Let’s assume you just finished reading a book on leadership. Why did you read it? To become a better leader, of course. But will you actually become a better leader? Haven't you read other non-fiction books that failed to help you to take the action required to improve your skills? We don't want that to happen to you, do we? Knowledge is not power, applied knowledge is power. You spent your money, and more importantly your precious time, reading the book. (FYI, the expenditures for training and development services in North America exceeds $120B. Training Magazine, Oct., 2003.) You need to see the pay off! Otherwise, it’s like shoveling cash and small pieces of your life into a burning potbelly stove.

How To Use It and Not Lose It
The process outlined below will help you apply the ideas you learn from any meeting, seminar, book... It is a system that shows leaders how to invest, not spend, their time and money on education.

1.      Brainstorm challenges and strategy. Ask yourself: What major challenges am I facing at work? Let your ideas flow and keep your pen moving as you brainstorm the answers to the question. In addition, reflect on your professional goals and your organization's strategy.

2.      Write a S.M.A.R.T. goal. Based on your business challenges, professional goals, and your organization's strategic imperatives, write a S.M.A.R.T. (Specific, Measurable, Attainable, Responsible, and Timed) goal for your leadership development. What do you want to do better or differently because of the book? For example, one executive at our recent leadership course said her goal was: Improve my coaching skills by… (insert date) to help my direct reports develop professionally.

3.      Meet with your manager. Meet with your manager for a few minutes to discuss your goal. Access your commanding skills and tell your boss what you’re planning to work on. Ask for input, especially regarding how well you have aligned your goal with his or her overall strategy.

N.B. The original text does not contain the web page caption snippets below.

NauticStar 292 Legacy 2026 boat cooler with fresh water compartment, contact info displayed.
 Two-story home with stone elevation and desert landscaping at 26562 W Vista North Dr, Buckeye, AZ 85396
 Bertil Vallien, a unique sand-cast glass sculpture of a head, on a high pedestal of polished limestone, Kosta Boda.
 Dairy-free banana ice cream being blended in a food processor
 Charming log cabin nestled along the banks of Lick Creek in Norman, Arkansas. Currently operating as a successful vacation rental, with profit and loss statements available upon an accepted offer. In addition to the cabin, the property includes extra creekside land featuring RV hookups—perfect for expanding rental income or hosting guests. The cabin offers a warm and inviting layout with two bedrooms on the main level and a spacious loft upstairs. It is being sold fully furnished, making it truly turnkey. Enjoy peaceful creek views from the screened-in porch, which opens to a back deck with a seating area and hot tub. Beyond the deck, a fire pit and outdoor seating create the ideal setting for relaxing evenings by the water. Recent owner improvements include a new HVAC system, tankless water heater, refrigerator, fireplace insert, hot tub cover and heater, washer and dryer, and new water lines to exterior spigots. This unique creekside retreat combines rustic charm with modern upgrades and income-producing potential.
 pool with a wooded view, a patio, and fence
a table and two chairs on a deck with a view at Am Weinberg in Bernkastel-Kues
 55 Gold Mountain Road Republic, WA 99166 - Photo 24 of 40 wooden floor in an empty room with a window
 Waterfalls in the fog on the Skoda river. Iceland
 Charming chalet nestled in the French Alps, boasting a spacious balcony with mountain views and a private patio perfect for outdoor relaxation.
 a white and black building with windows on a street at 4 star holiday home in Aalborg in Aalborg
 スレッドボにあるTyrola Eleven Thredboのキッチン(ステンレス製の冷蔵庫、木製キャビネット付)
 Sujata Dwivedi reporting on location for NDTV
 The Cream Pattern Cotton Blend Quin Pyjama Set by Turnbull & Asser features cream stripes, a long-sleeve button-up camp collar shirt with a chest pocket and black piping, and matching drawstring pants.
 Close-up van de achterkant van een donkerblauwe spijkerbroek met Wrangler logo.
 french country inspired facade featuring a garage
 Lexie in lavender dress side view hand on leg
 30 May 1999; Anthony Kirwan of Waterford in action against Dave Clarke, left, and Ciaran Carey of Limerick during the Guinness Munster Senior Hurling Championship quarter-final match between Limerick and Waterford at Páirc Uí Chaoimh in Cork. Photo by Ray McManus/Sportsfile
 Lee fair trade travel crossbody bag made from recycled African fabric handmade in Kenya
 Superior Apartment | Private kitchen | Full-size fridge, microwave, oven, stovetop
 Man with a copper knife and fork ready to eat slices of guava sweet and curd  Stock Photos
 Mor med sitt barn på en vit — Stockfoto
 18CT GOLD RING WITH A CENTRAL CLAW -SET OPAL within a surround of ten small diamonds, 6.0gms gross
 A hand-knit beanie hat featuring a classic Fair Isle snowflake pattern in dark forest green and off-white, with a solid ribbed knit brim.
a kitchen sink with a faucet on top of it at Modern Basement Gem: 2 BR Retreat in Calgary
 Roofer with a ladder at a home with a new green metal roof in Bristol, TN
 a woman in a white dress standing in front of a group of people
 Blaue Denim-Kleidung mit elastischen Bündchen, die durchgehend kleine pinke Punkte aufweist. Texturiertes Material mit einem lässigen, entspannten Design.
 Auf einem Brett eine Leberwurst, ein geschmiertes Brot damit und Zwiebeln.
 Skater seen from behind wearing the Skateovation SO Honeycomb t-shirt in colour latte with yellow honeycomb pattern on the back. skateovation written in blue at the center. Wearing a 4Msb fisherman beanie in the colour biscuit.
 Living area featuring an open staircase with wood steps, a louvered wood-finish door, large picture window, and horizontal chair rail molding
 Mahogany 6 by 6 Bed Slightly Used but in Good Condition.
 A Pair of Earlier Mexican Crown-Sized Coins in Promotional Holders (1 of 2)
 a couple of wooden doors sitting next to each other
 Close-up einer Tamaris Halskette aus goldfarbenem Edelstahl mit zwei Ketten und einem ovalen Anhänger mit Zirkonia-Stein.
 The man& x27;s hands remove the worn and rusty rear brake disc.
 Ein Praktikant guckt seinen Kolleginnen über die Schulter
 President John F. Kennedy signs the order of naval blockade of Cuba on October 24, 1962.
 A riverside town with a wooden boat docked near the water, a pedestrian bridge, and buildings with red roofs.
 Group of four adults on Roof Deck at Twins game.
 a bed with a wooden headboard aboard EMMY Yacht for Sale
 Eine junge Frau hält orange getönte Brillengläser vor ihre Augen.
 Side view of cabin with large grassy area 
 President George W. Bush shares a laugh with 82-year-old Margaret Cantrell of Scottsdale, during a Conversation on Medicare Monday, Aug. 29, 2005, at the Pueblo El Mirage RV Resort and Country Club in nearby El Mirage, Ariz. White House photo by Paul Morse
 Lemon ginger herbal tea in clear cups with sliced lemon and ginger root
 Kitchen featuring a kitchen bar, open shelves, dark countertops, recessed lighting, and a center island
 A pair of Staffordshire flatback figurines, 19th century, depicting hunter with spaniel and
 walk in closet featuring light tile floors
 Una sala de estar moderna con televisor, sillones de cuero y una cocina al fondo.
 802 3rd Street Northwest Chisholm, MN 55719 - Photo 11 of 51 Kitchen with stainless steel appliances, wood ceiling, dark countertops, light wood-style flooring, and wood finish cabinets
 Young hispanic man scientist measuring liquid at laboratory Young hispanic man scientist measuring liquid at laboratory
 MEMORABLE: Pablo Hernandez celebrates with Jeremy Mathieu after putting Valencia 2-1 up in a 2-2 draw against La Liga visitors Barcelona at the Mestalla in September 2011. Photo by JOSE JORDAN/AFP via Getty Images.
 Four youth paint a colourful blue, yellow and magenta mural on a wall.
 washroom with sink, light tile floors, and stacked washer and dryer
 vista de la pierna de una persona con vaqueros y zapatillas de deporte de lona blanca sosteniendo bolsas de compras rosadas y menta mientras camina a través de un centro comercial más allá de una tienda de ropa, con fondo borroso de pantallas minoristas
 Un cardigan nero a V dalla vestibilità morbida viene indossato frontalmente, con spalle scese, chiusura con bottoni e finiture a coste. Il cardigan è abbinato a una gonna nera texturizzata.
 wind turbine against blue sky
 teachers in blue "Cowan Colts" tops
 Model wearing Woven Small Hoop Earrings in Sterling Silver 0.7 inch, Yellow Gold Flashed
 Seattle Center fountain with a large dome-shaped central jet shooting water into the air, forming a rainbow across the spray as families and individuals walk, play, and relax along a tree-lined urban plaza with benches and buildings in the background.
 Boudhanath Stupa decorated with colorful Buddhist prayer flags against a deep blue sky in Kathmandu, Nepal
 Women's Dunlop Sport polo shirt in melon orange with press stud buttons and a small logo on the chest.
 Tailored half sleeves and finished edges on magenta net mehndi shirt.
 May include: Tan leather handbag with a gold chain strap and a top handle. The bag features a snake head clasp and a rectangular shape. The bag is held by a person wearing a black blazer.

4.      Review your insights, ideas, and behaviors page. Write a list of 7 to 10 insights, ideas, or behaviors (IIB's) on a sheet of paper. (I do this as I read a book or take a class.) For example, listed below are several ideas that leaders from my leadership classes identified as most effective:

  • Use the XLM for my and my team’s development. Ask team members to assess their XLM at Then develop ways to leverage our talents and hold each other accountable for stretching. Meet every two weeks to measure progress and celebrate our success.
  • Map a paradox. Conduct a mapping session on issues affecting our team. This will help them understand the tension they feel and increase buy-in to managing the two issues simultaneously.
  • Eliminate internal silos using systems thinking principles. Think systemically by increasing cross-functional teamwork, inviting other departments to our meetings occasionally, and using the S.T.A.T. model.
  • Focus on what’s important to team members. Meet 1-on-1 with one team member every day for five minutes to discuss individual concerns, clarify expectations, and applaud small successes.
  • Increase two-way communication. Speak last at meetings, ask more questions, listen better, and remember that broadcasting is not communicating.
  • Conduct after action reviews. Coach others by delegating small portions of my job, and then ask these questions after completion: What happened? Why? What lessons were learned? Who else might benefit from these lessons?
  • Make better decisions with the XLM. Access all four orientations of the XLM when making decisions. This will help ensure I have all the facts (R), consider the big picture (V), assess the impact on others (E), and take action (C).
  • Manage anxiety. When stressed, ask the team "how can we view the differently?" Also, remind them that anxiety is the essence of growth and that great companies approach downturns as a chance to beat their competitors.
  • Understand concerns and focus on influence. Use Stephen Covey's circle of concern and influence to encourage me (and others) to take personal responsibility, exercise their free will, and be expansive.

5.      Review your favorites with a partner. Review your insights, ideas, and behaviors with a colleague. Focus your discussion on the few IIB's that you feel will help you best reach your goal. Tell your partner how you're going to use these few IIB's.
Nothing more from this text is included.